Cadrée au plus près, la forme ne laisse pas l'oeil s'échapper. La toute-présence des volumes s'impose. L'esprit, lui, vagabonde au gré des couleurs, des matières, des juxtapositions innombrables, lit des scénarios mouvants. Les titres ne sont que propositions, parfois commodité, souvent jeu, voire leurre, clin d'oeil aux cadavres exquis des surréalistes.
La surface est le prétexte d'une plongée à l'intérieur de mondes gigognes; la photo devient oxymore.
Les formes sont posées, figées en apparence mais vibrantes de tensions contenues, d'élans contrôlés, puisés dans la disparition du plein et du dense. Une sorte d'envers du décor post-apocalyptique. Un négatif révélé à la lumière, un moins devenu plus, ouvrant sur un univers parallèle.
Le noeud, la torsion, la déchirure laissent croire au trésor qu'ils recèlent; mais tout est dit déjà: le trésor est le noeud en lui-même.
Déchet sublimé: le brisé, le laissé pour compte, touchent, peut-être, à l'Universel. L'infiniment modeste, l'ignoré, pelures, rafles et autres objets cassés, acquièrent une dimension poétique.

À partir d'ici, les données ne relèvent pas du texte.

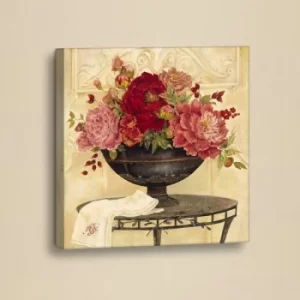 Image of TEK237 Red Pink Cream Decorative PU Leather Painting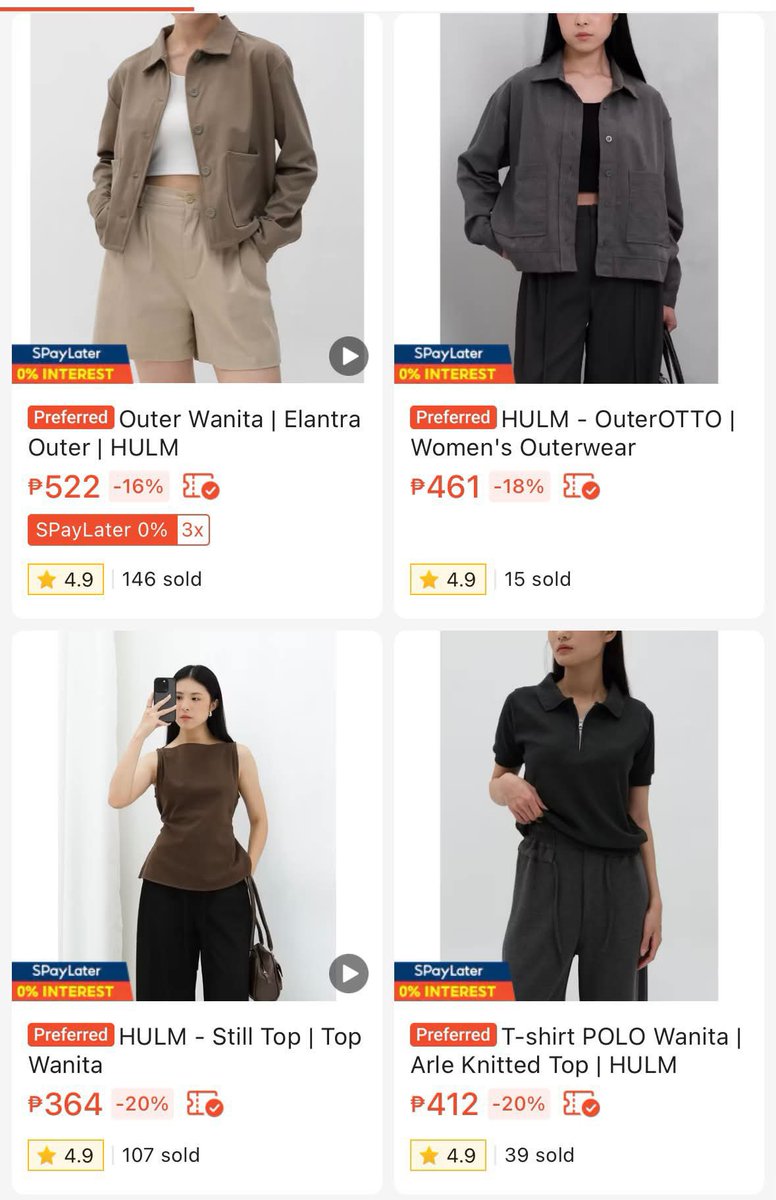 bella_max5309's tweet photo. OKAY, I CAN'T GATEKEEP THIS ANYMORE 😭🤍 Kung mahilig ka sa clean, classy, old-money fashion vibes, kailangan mong makita 'tong Shopee store na 'to. Parang designer-inspired yung dating pero super affordable! ✨💸 https://t.co/xlDsS0Ik7x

Entité végétale, végétative, fixée par le dessèchement, maintenue par le bois, prisonnière de la photo, mais étonnament vivante. Le processus de mort est interrompu; le déchet se recycle en énergie de vie.
Construction, déconstruction, coexistence paisible mais dérangeante de plusieurs corps étrangers qui révèlent une harmonie paradoxale.
Inconfort.
Malaise.
Là où le plaisir charnel du simple bricolage croise l'émotion fugace et intense de la capture photographique, je suis.